4pPP7. Stimulus-oriented model for the discrimination of Gaussian noise samples.

Martin E. Rickert

Donald E. Robinson

Dept. of Psychol., Indiana Univ., Bloomington, IN 47405

Consider a two-interval same-different task in which listeners are asked to discriminate between trials on which a sample of noise is presented twice and trials on which two different samples are presented. Previous research has used this method to determine the effects of a wide range of stimulus conditions including temporal location of an uncorrelated segment, duration, bandwidth, correlation, and overall level [T. E. Hanna, Percept. Psychophys. 36, 409--416 (1984); S. F. Fallon and D. E. Robinson, J. Acoust. Soc. Am. 92, 2630--2635 (1992)]. The data indicate that discriminability is best when changes occur at the end of the sample and that the ratio of the duration of the target segment to the total duration is independent of overall duration. In this paper, a stimulus-oriented model for discriminating samples of Gaussian noise is developed.

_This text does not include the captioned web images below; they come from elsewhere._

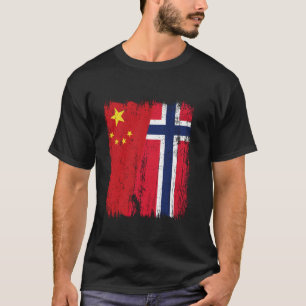 Camiseta Bandera media China Noruega Ascendencia china noru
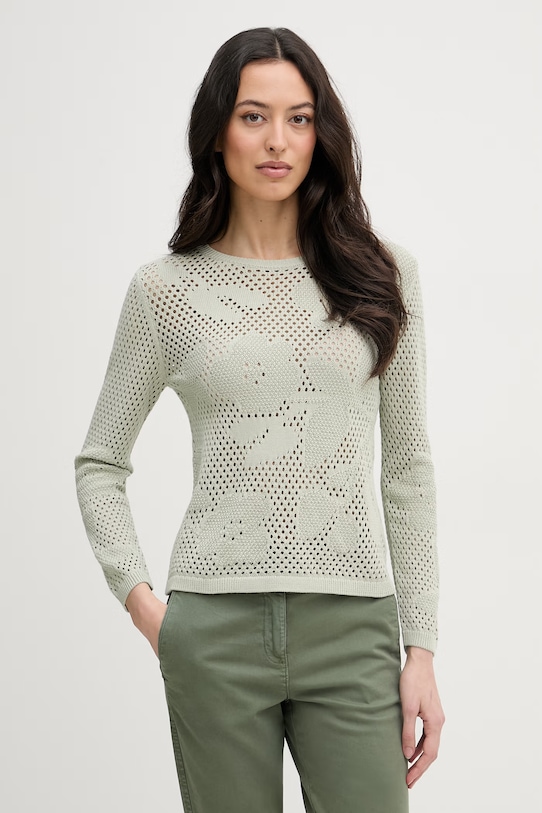 United Colors of Benetton pulover pentru femei din bumbac verde 16EVD10GP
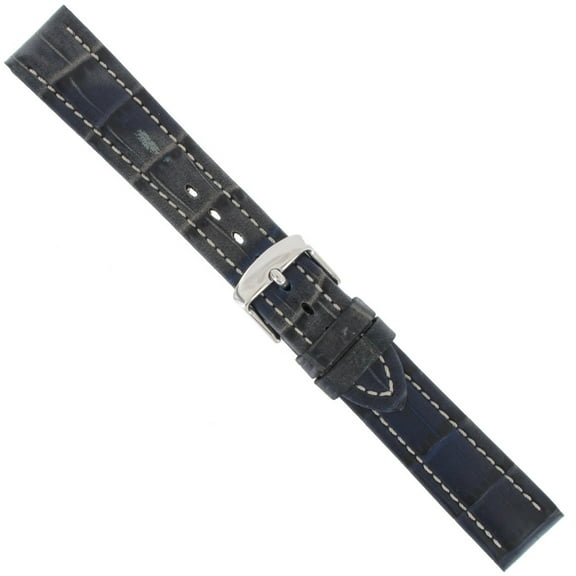 Hadley Roma MS895 20mm Dark Blue Alligator Grain Stitched Leather Watch Strap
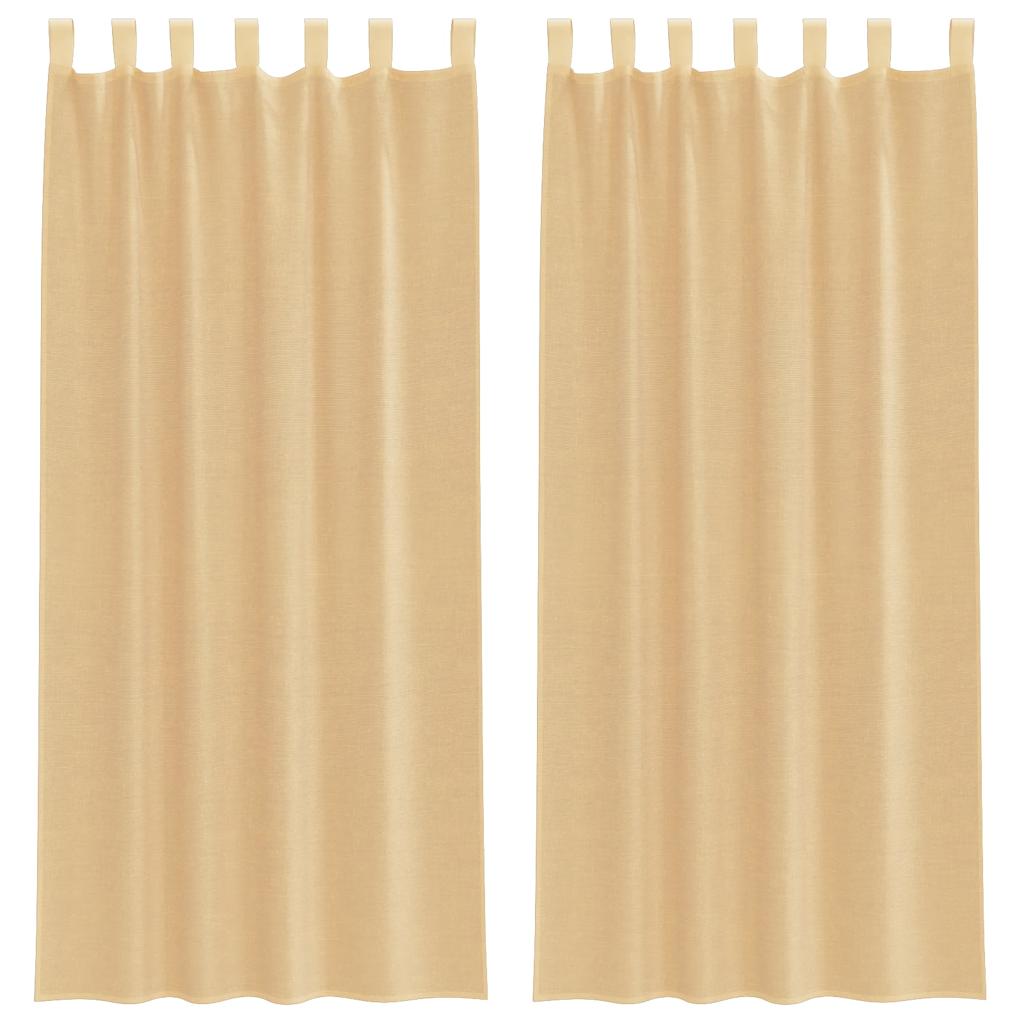 Voile Vorhänge 2 Stk. Sandfarbe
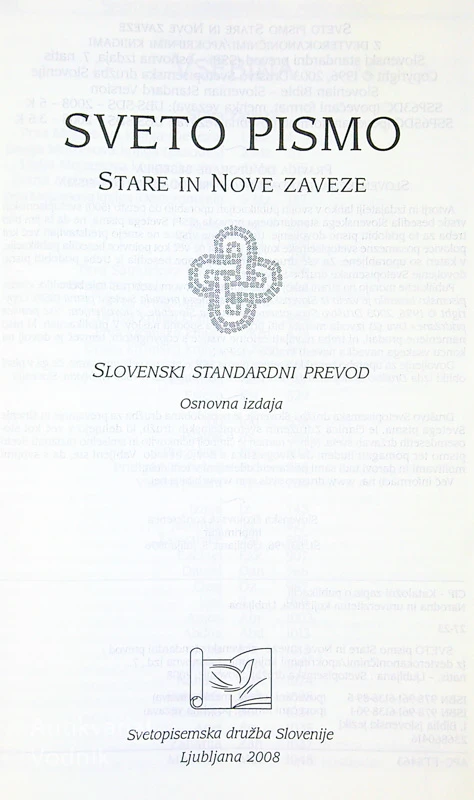 SVETO PISMO (SLOVENSKI STANDARDNI PREVOD)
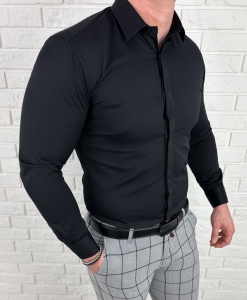 Czarna koszula z krytą plisą slim fit z kołnierzem męska RS-1070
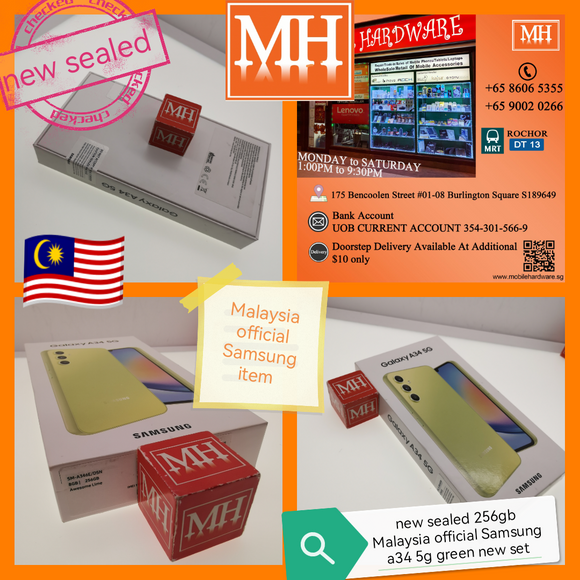 New sealed 256gb Malaysia official Samsung Galaxy a34 5g green new set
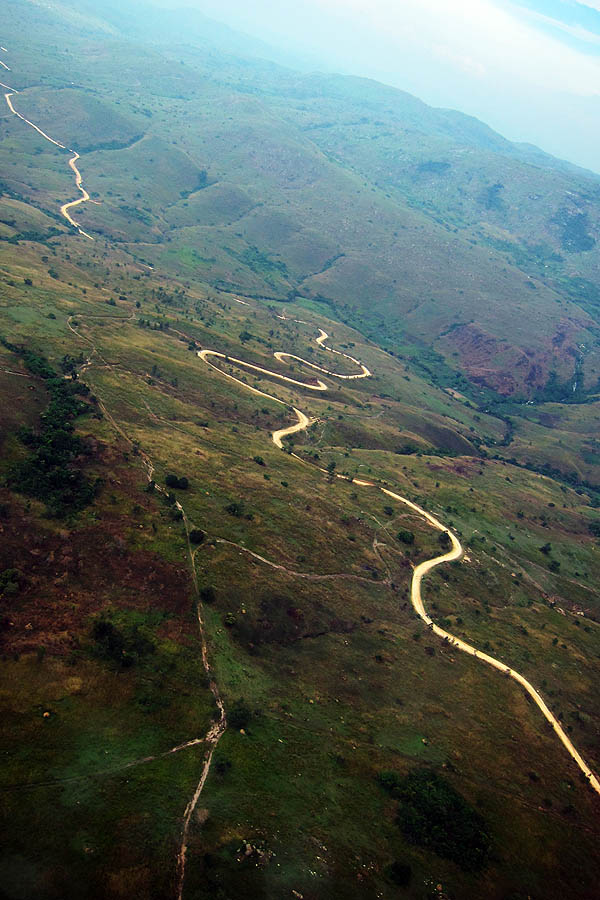 Winding road just outside Bunia, Province Orientale, Democratic Republic of Congo
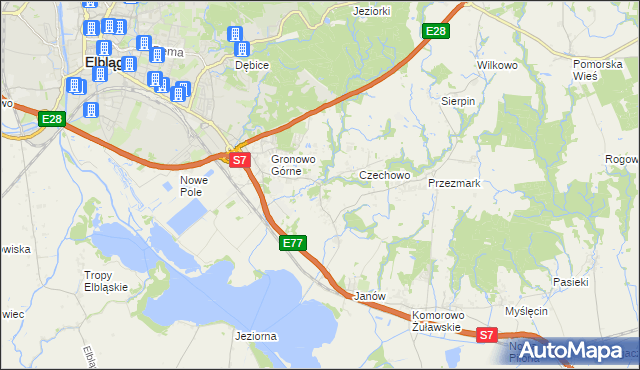 mapa Nowina gmina Elbląg, Nowina gmina Elbląg na mapie Targeo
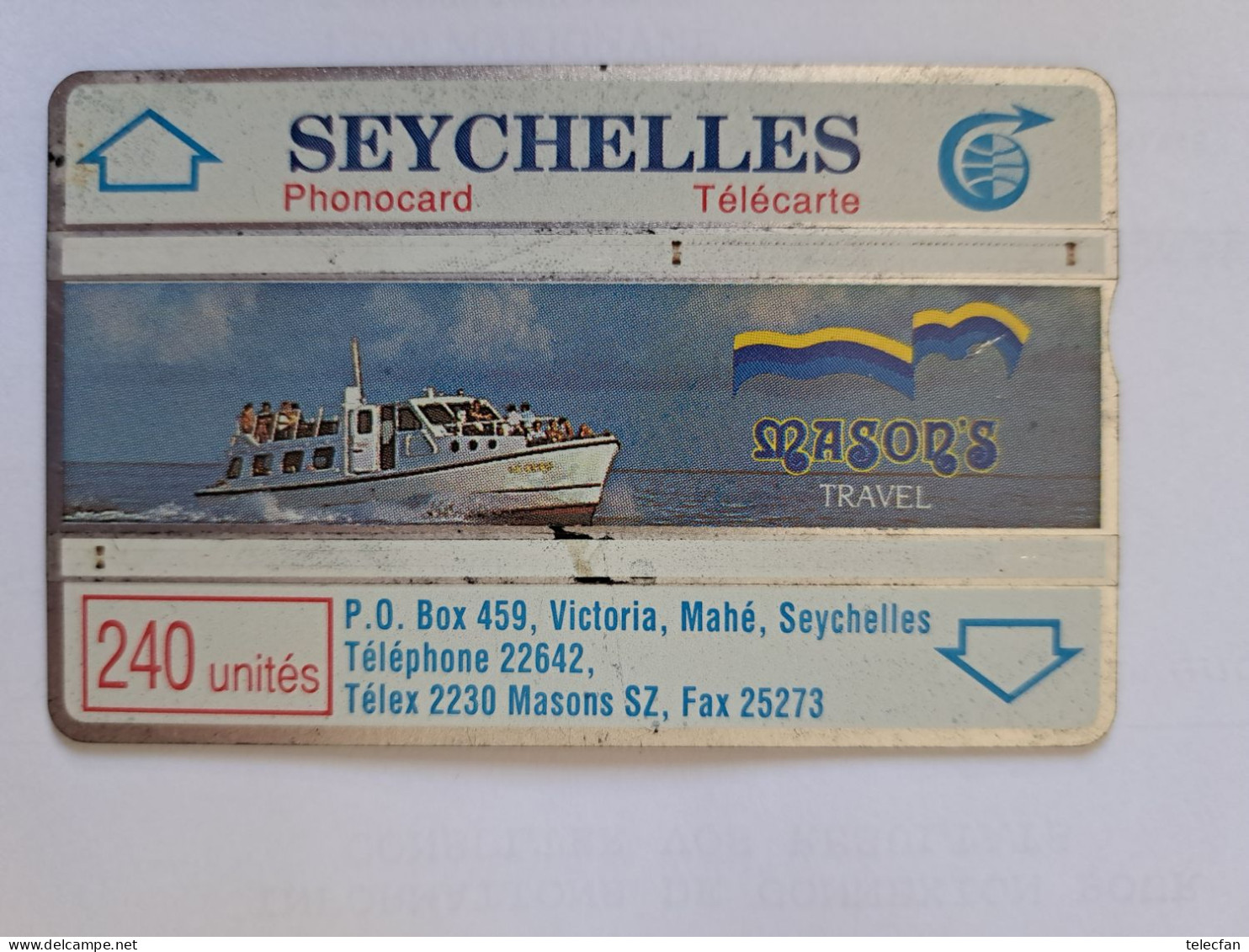 SEYCHELLES MASONS TRAVEL BOAT 240U UT N° 011E - Seychelles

The model is a derivative of the equalization--cancellation theory of binaural masking level differences [N. I. Durlach, J. Acoust. Soc. Am. 35, 1206--1218 (1963)] and of Jeffress' models of monaural masking [L. A. Jeffress, J. Acoust. Soc. Am. 44, 187--203 (1968)]. This approach begins with a cancellation stage in which the waveforms from the two intervals are jittered in amplitude of differenced. Then, the power of the difference waveform is approximated in a manner similar to Jeffress' leaky integration. Predictions of the model will be compared to the data of Fallon et al. [Work supported by AFOSR.]